"Apakah sudah selesai, Nam?"
Sesosok pria berjubah coklat memasuki gedung tua, suara dering perhiasan kaki menyelingi bunyi langkahnya yang sempoyongan. Tak ada cahaya yang menerobos gedung tersebut, selain cahaya lilin di pojok ruangan, diitari berbagai totem, bebatuan, rempah-rempah, dedaunan, dan dupa. Sebuah lingkaran ritual yang masih digambar dengan batu kapur mengitari pernak-pernik tersebut. Saat Nam membalikkan badannya, dia hanya menatapi sang pria dan melanjutkan pekerjaannya.
".. Aku sudah membawa ayam hitamnya.", timpal si Pria sambil mengeluarkan ayam yang disembunyikan dibalik jubahnya. Dengan hati-hati dia meletakkannya diatas nampan sesajen yang sudah disiapkan tak jauh dari lingkaran ritualnya.
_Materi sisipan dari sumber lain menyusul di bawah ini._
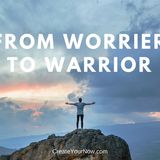 1189 From Worrier to Warrior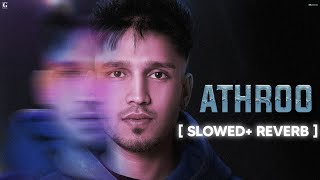 Athroo Karan Randhawa Slowed And Reverb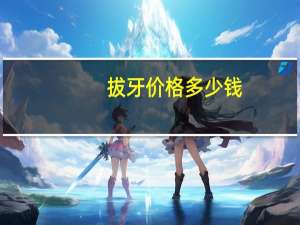 拔牙价格多少钱(拔牙的价格一般都是多少钱)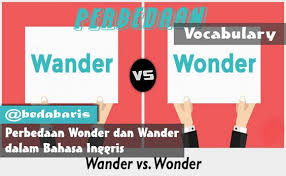 Perbedaan Wonder Dan Wander Dalam Bahasa Inggris Bahasa Inggris Inggris Wonder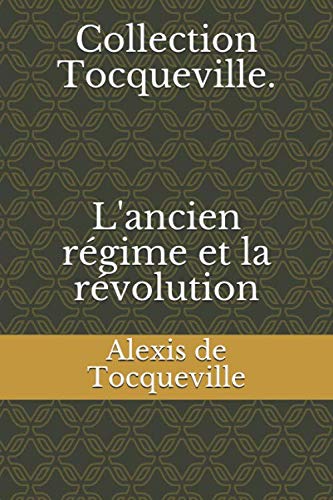 Stock image for Collection Tocqueville. L'ancien rgime et la rvolution for sale by Bahamut Media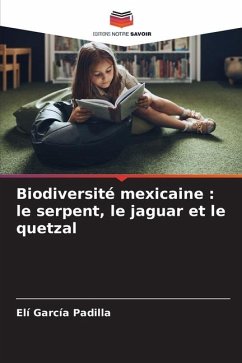 Biodiversité mexicaine : le serpent, le jaguar et le quetzal - García Padilla, Elí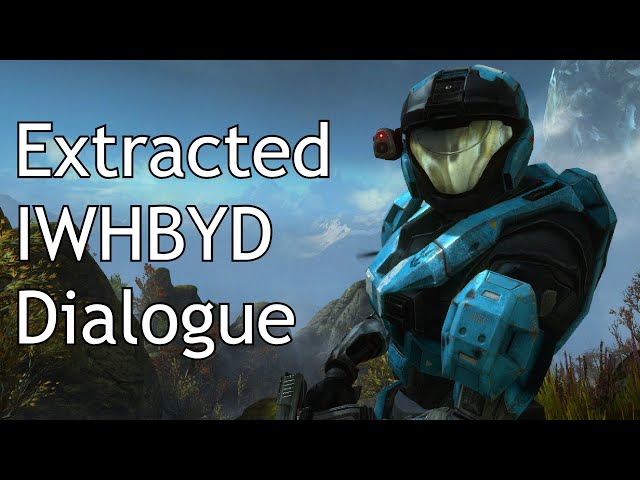 Halo Reach - Extracted IWHBYD Dialogue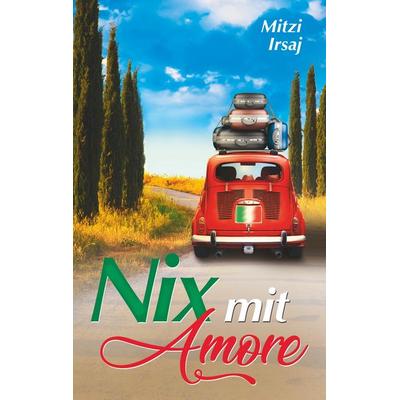 Nix mit Amore, Taschenbuch von Mitzi Irsaj, BoD – Books on Demand, 978-3-7494-4676-6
Keduanya tak bertukar kata-kata. Bunyi gesekan batu dan tanah menjadi satu-satunya bunyi yang paling menonjol di gedung itu. Sesekali bunyi burung yang lewat di sela-sela jendela dan atap gedung ikut berbunyi, namun semakin menghilang mengikuti gambar yang sudah selesai, seakan alam sudah tahu untuk menjauhi gedung itu sesegera mungkin.
Hawa dari gedung semakin pekat. Meskipun ritual belum dilakukan, rasa keyakinan yang menggebu-gebu dan ajimat yang digenggam ditangan si pria menjadi pemicu. Nafasnya semakin tersengal-sengal, dan bunyi tetesan air tiba-tiba terdengar menggema seisi gedung. Nam, sang dukun tiba-tiba berbalik untuk pertama kalinya menghadap si Pria. Matanya terbelalak, namun dia kembali diam dan terbangun. Lingkaran sudah siap, saatnya untuk bertindak.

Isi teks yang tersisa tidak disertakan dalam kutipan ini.